Some key components include:

Gstreamer 1.22.0 needs to be built from source to get everything going on Jammy which isn’t the easiest thing…

I have a fully fleshed out, all batteries included dockerised demo. Waiting on some approval before (hopefully) open-sourcing :crossed_fingers:

Motion JPEG stream, from IP camera to robot to server to browser, via some custom proxying and tunneling (the robots are on LTE).

We use MJPEG because it’s very low latency on our equipment, and easy to forward to a browser. It’s also a simple protocol, so it’s easy to hack if we need to, and it works on everything. If we push it we can get 12 frames per second with JPEG compression turned up. But most of the time we do 720p or 1080p @ 5 fps.
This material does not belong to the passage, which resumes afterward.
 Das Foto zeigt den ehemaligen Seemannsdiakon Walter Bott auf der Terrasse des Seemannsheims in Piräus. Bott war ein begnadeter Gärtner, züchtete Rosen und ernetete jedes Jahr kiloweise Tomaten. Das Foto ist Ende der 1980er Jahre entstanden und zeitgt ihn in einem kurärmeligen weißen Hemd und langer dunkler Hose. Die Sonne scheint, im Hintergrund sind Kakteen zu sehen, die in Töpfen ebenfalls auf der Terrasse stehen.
Total latency is really low, usually below 150ms even over thousands of km.

WebRTC seems ideal, if encoding latency can be controlled. A lot of IP cameras’ h.264 streams are a second or two behind to start with. That, and it’s really hard to get an h.264 (or h.265) stream through a server into a browser.

I’ve heard of people using gstreamer but I’ve not been able to get a working demo yet myself. If it supports WebRTC directly now, I’ll have to give it another go. We also do 2-way audio via a separate system. WebRTC would hopefully allow us to combine the audio and video together in the same stream.